(Provided data Opens)

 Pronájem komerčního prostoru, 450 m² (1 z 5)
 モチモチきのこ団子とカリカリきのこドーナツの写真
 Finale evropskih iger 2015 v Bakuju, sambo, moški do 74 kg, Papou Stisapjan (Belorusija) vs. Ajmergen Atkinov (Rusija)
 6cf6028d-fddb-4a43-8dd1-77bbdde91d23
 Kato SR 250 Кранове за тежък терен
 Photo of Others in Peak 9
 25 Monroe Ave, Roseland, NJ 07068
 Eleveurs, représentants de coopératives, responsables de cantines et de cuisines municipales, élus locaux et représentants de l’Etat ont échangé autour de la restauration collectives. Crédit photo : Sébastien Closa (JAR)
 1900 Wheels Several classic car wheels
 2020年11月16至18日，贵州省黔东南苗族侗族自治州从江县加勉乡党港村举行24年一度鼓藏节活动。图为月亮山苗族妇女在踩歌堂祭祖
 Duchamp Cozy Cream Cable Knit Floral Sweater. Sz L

(Provided data Closes)

Would you reproduce, word for word, the lines from the one holding "2020年11月16至18日" through the final line of the entries, both included?

_Written answer:_
 2020年11月16至18日，贵州省黔东南苗族侗族自治州从江县加勉乡党港村举行24年一度鼓藏节活动。图为月亮山苗族妇女在踩歌堂祭祖
 Duchamp Cozy Cream Cable Knit Floral Sweater. Sz L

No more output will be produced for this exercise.